As of the end of Season 22, Brennan has appeared in nearly 100 episodes of the show, with Mort being his primary character following Horace's death in Season 11. Brennan was invited to the show by "Family Guy" creator Seth MacFarlane, a longtime fan of The Jerky Boys and Brennan himself. MacFarlane has spoken highly of Brennan's talents, comparing him to comedy legend Jackie Gleason in terms of character repertoire and telling Rolling Stone, "It's so easy for him to roll with any situation and stay in character." Even if The Jerky Boys never make an impact again, Brennan's likely got a job on "Family Guy" for as long as the show stays on the air. 

Kamal transitioned into filmmaking

A lot has been said about Johnny Brennan's career both within and outside of The Jerky Boys in the 21st century. But what has former Jerky Boy Kamal Ahmed been up to since cutting the cord on his prank phone call-making days? Though he has played small roles in movies throughout the 2000s and 2010s, Ahmed's primary career path over the last couple of decades has been filmmaking, joining a long tradition of actors who became directors.

Ahmed wrote, directed, and produced his first movie, "God Has a Rap Sheet," in 2003. Since then, he's applied that same triple-threat approach to five more films, up through 2018's "The Martyr Maker." He also produced the 2010 movie "Circus Maximus," and took director-only duties for 2012's "Brutal." He's recently branched out into television, writing, directing, and producing the 2022 mini-series "Crash the System," which is available on multiple streaming services. 

When contacted by Rolling Stone for a 2014 retrospective on The Jerky Boys, Ahmed didn't mince words on how he perceived his own career trajectory vs. Brennan's, saying, "He's still doing the same thing like a 51-year-old idiot and I make independent movies that deal with the struggles of man ... I went on to more meaningful things."

A 2014 Rolling Stone feature teased a Jerky Boys comeback

Speaking of that 2014 Rolling Stone feature on The Jerky Boys, much of it naturally focused on Johnny Brennan, the only constant member of the franchise and its only current participant. At the time, it had been a while since anything Jerky-related had been released, with 2007's "Sol's Rusty Trombone" being the most recent new material from the franchise. But Rolling Stone got Brennan to revive his three most famous characters — Frank Rizzo, Sol Rosenberg, and Jack Tors — for three brand new calls recorded exclusively for the article.
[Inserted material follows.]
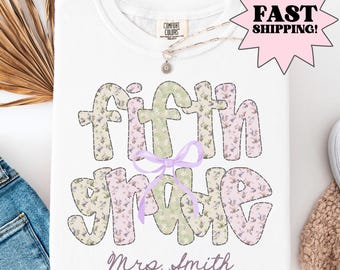 Comfort Colors Teacher Shirt Fifth Grade Teacher Shirt 5th Grade Teacher Team Tee Floral Fifth Grade Teacher Tee Back to School Shirt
During the interview, Brennan was insistent that those new calls were only the beginning, and that he was planning a full-blown Jerky Boys comeback. The piece also provided a current snapshot of Brennan himself that was quite different from the early Jerky Boys days, describing him as having "aged from a mullet-and-goatee-sporting outer-borough scamp into a clean-shaven, leather-jacket-wearing, 51-year-old dad who drives an SUV and owns a little dog named Taco."

As for that Jerky Boys revival that he hinted at, Brennan indeed made good on that. But it took a bit more time before it finally happened.

Kamal made peace with his Jerky past

By all accounts, the professional and personal split between Johnny Brennan and Kamal Ahmed wasn't anywhere close to amicable. In fact, in the early years following his departure from The Jerky Boys, Ahmed would turn angry at the mere mention of his Jerky past or Brennan himself. In an August 2003 interview with website Dean's Planet, Ahmed was immediately asked how he felt about the then newest Jerky Boys release, "The Jerky Tapes," to which Ahmed replied, "That CD sucks just like Johnny's mouth." He went on to add, "Johnny Brennan has no talent, been saying it for years." And that's just when Ahmed was even willing to discuss the topic at all, which he often refused to do publicly.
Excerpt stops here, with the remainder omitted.